Posted on Mar 07, 2021
Britain’s top EU adviser Lord David Frost, writing in the Sunday Telegraph, said on Sunday, that Brussels should shake off its ill will and build a good relationship with Britain as sovereign equals.
“I hope they will shake off any remaining ill will towards us for leaving, and instead build a friendly relationship, between sovereign equals.
“That is what I will be working towards, acting constructively when we can, standing up for our interests when we must – as a sovereign country in full control of our own destiny.”
Relations between Britain and the EU have soured, with both sides accusing the other of acting in bad faith in relation to part of their trade agreement that covers goods movements to Northern Ireland.
- EU Commission expects permanent post-Brexit border control posts in Northern Ireland this year, says spokesman Daniel Ferrie
- Northern Ireland: Brexit border control staff threatened
Frost defended the British government’s extension of a grace period for checks on some food products imported by retailers to Northern Ireland as being “lawful and consistent with the progressive and good faith implementation” of part of the post-Brexit trade deal called the Northern Ireland protocol.

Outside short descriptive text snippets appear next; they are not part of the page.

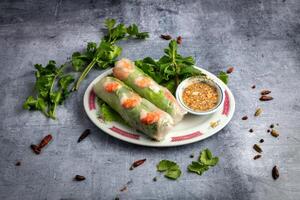 Frühling asiatisch Rollen auf ein Teller foto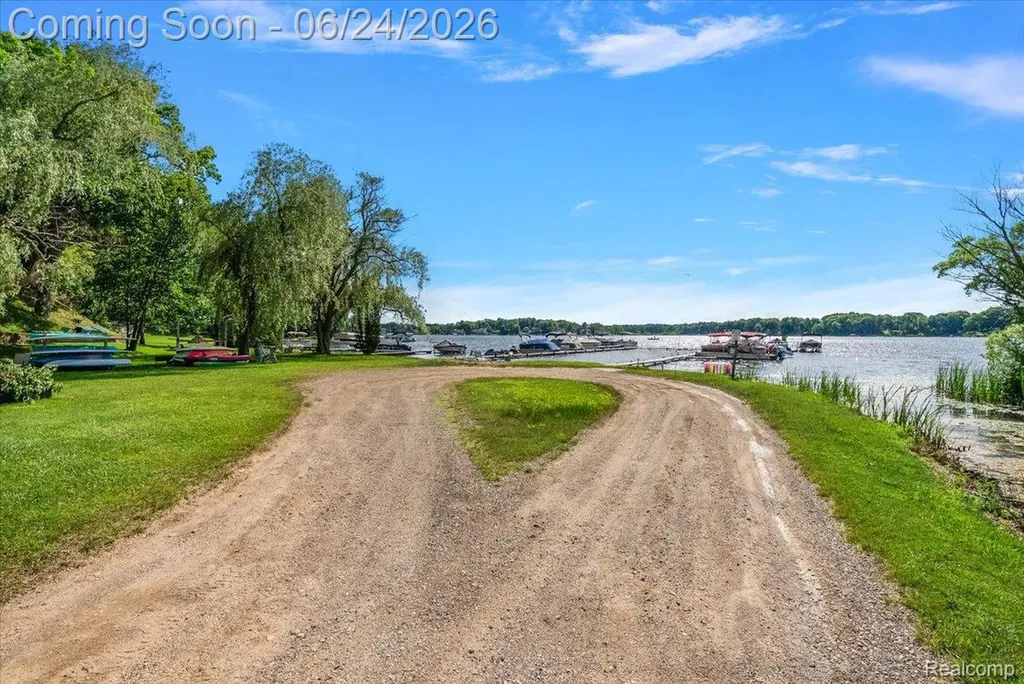 5630 Griffith Drive Genoa Township MI 48116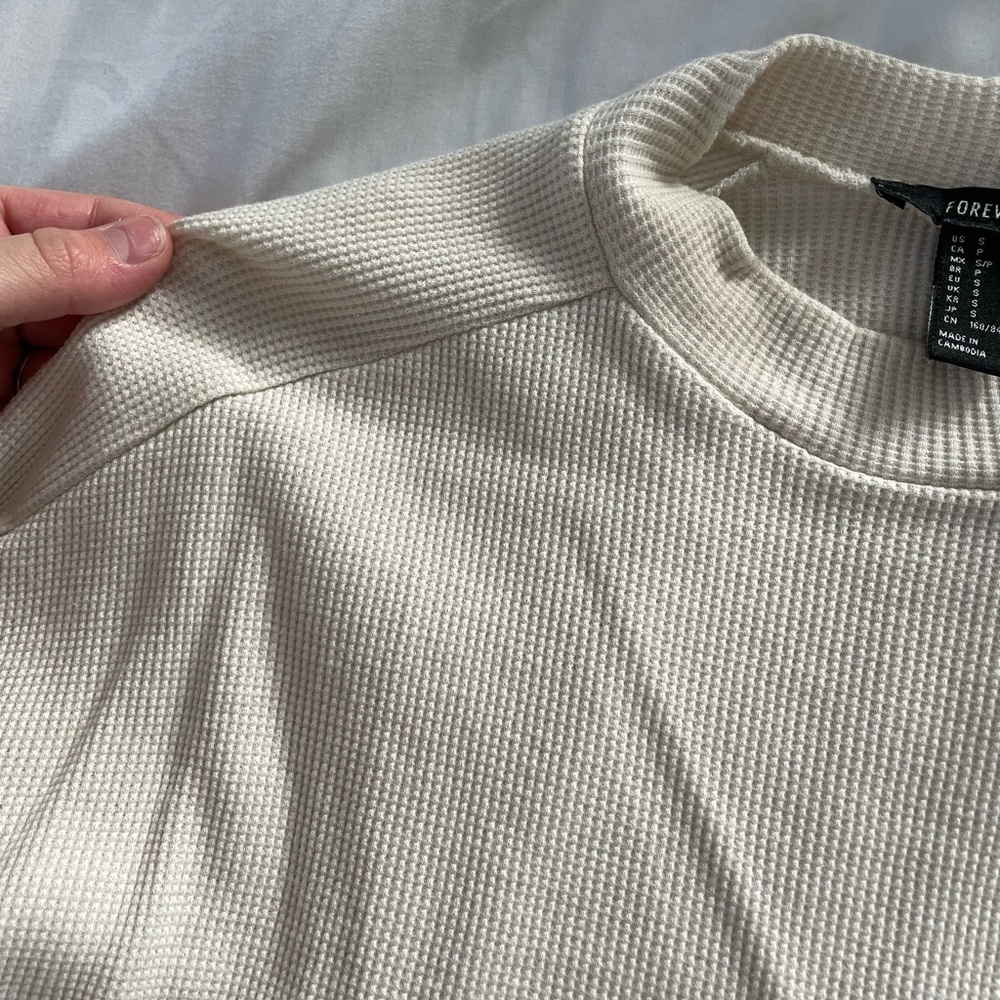 Cropped Light Sweater - Picture 4 of 4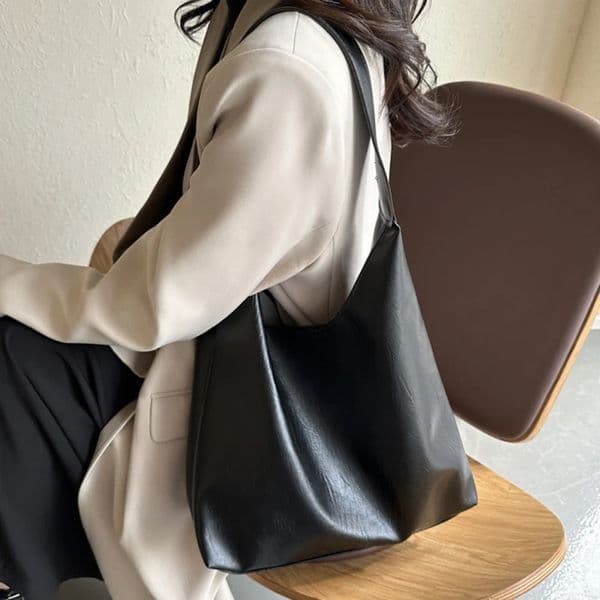 Retro pillow PU leather Boston womens handbag casual large capacity shoulder cross body bag fashion shopping bag 250418
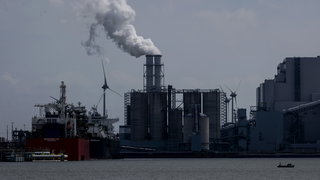 We weten niet wat er boven onze vitale locaties vliegt, en dat is een groot ...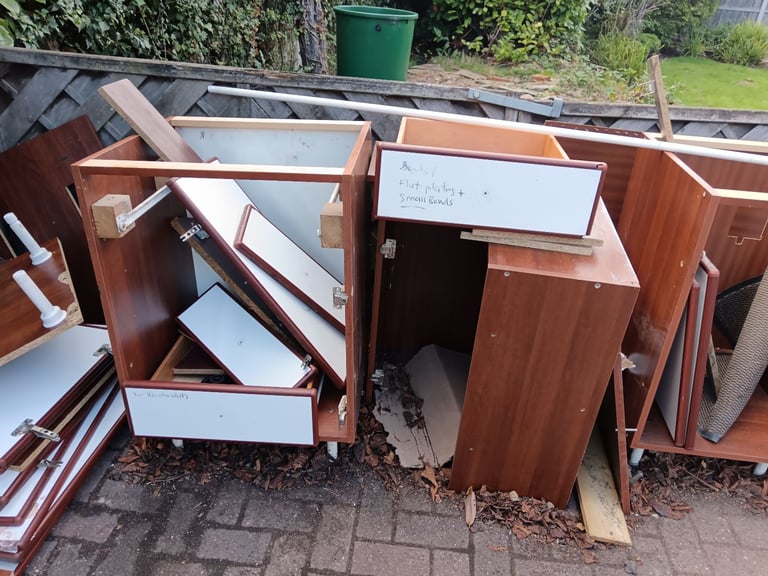 Free kitchen units 
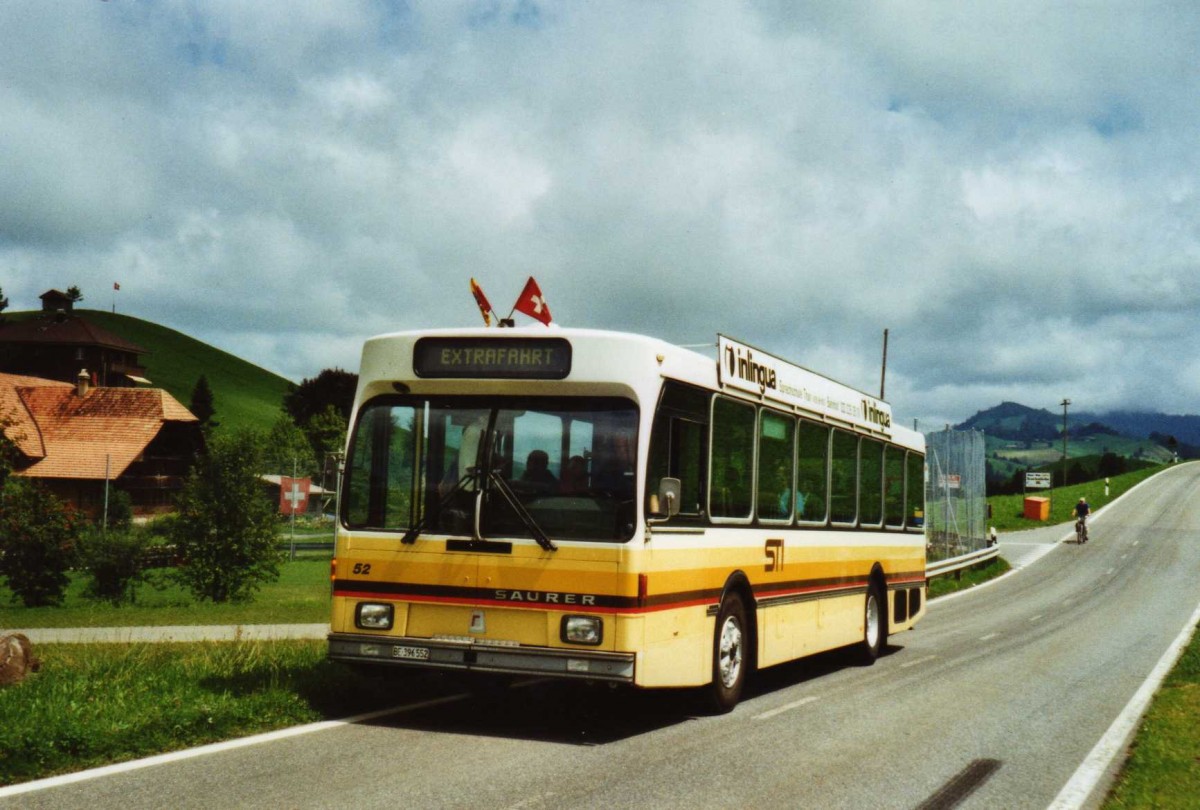 (119'528) - STI Thun - Nr. 52/BE 396'552 - Saurer/R&J am 9. August 2009 in Buchen, Schulhaus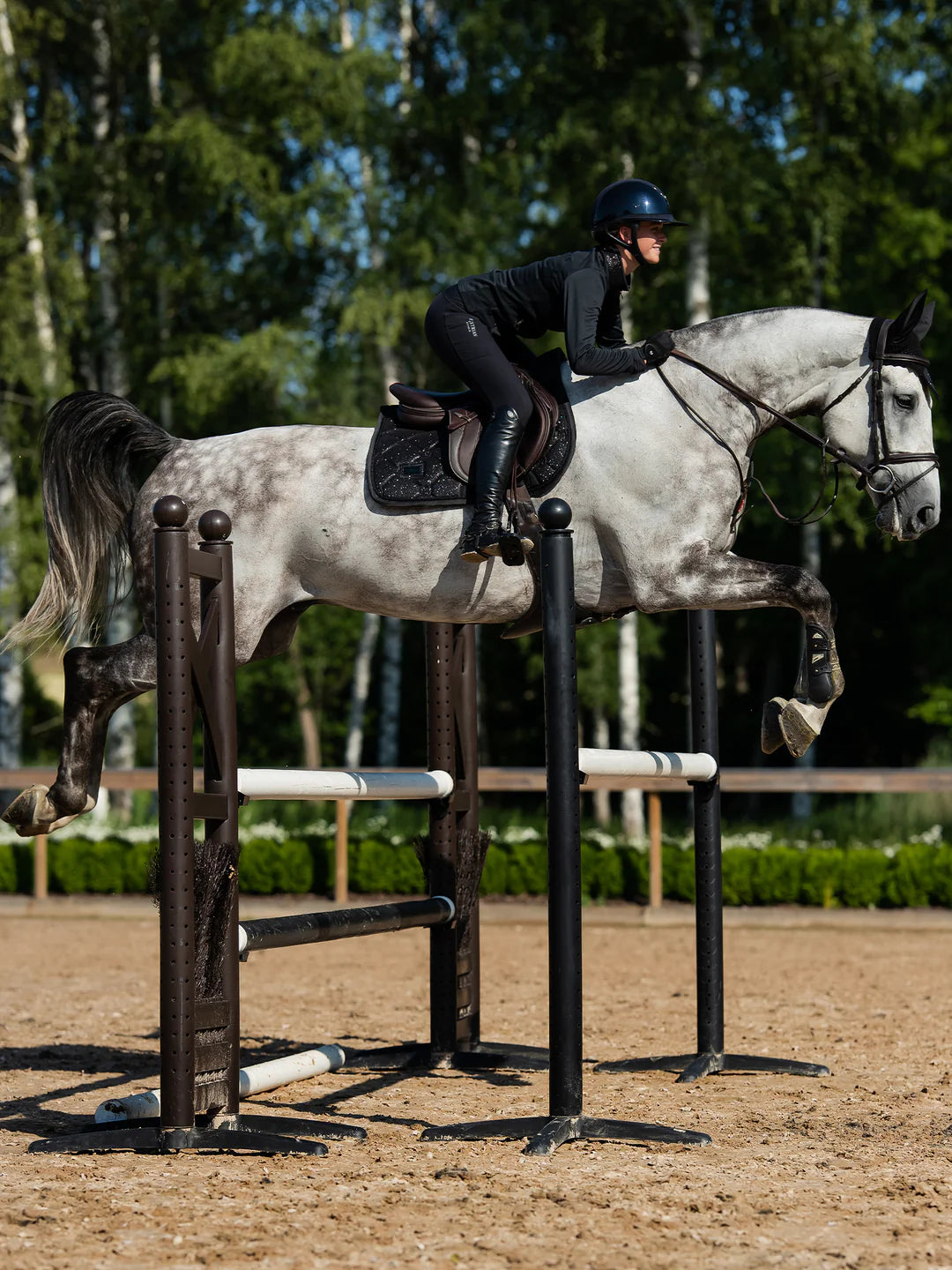 Equestrian Stockholm estehuopa All Black Glimmer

He added, “Without this threat of disruption, we can continue our discussions with the EU to resolve difficulties arising from the protocol constructively – and we aim to do so.”
Following troubled negotiations over Northern Ireland, during which the European Union created the spectre of a "hard border" with the south, it was agreed to leave the province aligned to the EU’s single market for goods, thereby requiring checks on some items arriving in Northern Ireland from elsewhere in the United Kingdom. To address that issue, the British government extended the grace period for some checks until October 1st.
The EU disputes that the grace period extension was in line with the agreement, saying London should honour what it signed up to. It has promised to launch legal action, or a so-called “infringement procedure” against Britain.